Optimization: In Memory Tables

Loading PGD tables in memory, if indexed properly, will greatly outperform on-disk tables. It is a solution dependent on a capable enough server.

Indexing Memory Tables

Memory tables will only outperform a properly indexed on-disk table if it is also indexed. Above a certain threshold a full table scan of a memory table is still slower than a binary search of an index, even when it is on disk.

Memory tables support indexing, but mysql does not correctly index when using btree. Btree is the default for on-disk tables, and is generally faster than a Hash index. however, mysql will generate an empty index when btree is used with memory tables. This means that any table joined with a memory table must also be in memory.

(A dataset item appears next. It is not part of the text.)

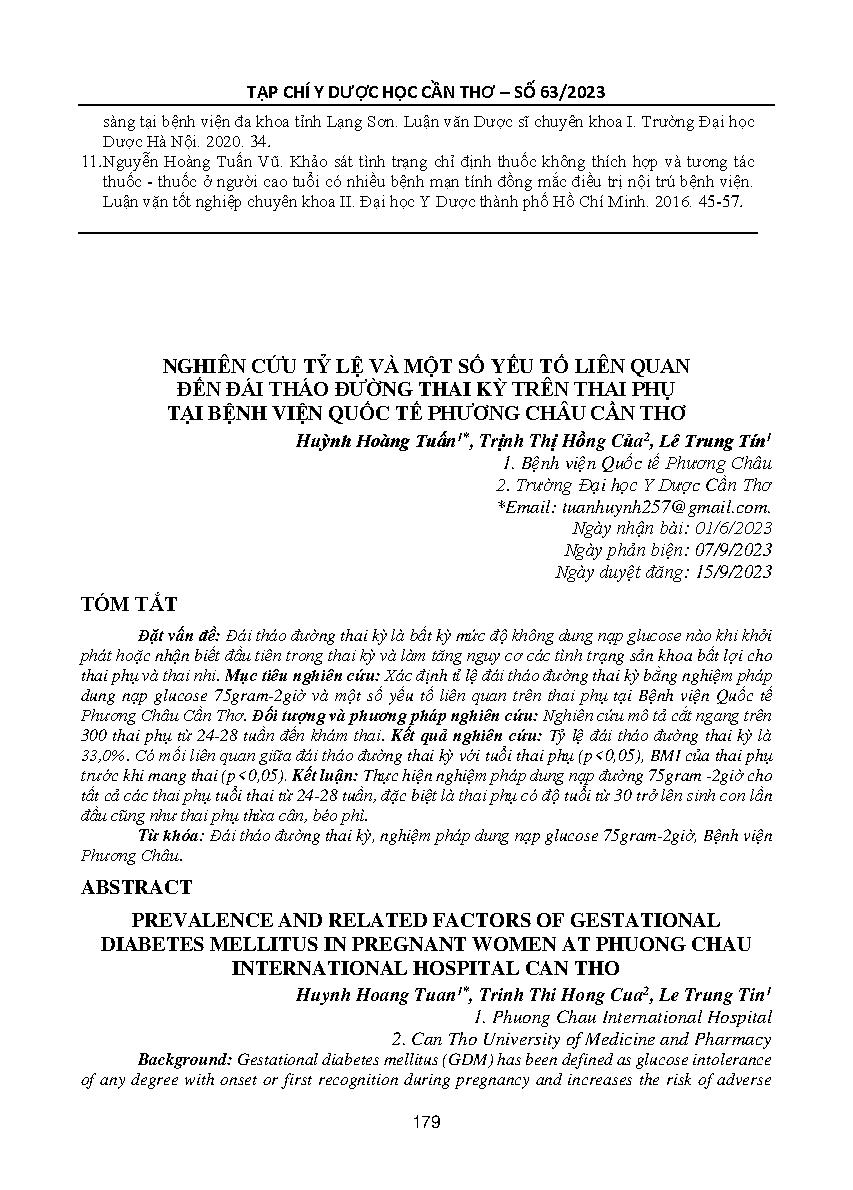 Nghiên cứu tỷ lệ và một số yếu tố liên quan đến đái tháo đường thai kỳ trên thai phụ tại Bệnh viện Quốc tế Phương Châu Cần Thơ = Prevalence and related factors of gestational diabetes mellitus in pregnant women at Phuong Chau International Hospital Can Th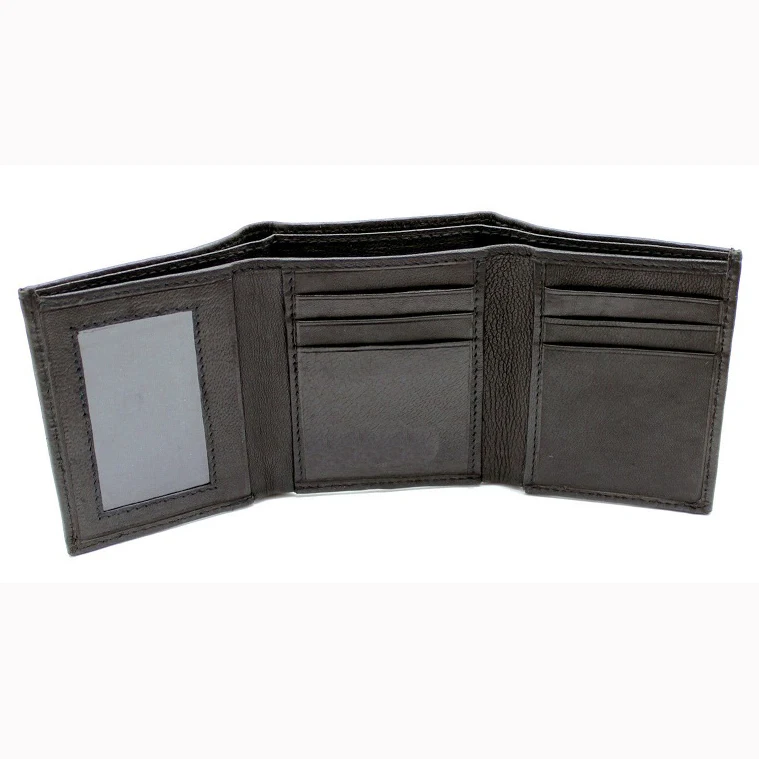
black genuine roller embossing leather mens leather wallet credit card purse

Parallelization of Queries

Memory addresses can be read by multiple threads simultaneously, unlike disks which require seeking back and forth. Without seek times to slow down simultaneous reads, multiple queries can be run on an in memory table at the same time. This can reduce the time required for a query to the longest in the set of queries

Diagram

Note that this becomes a limitation of CPU cores and the number of concurrent threads the server is capable of handling.

Startup and Django Configuration Issues

Memory tables do not persist through mysql restarts. They must be recreated and indexed every time the server starts. This needs to be automated so that when the server first starts it is able to check and create the tables if needed.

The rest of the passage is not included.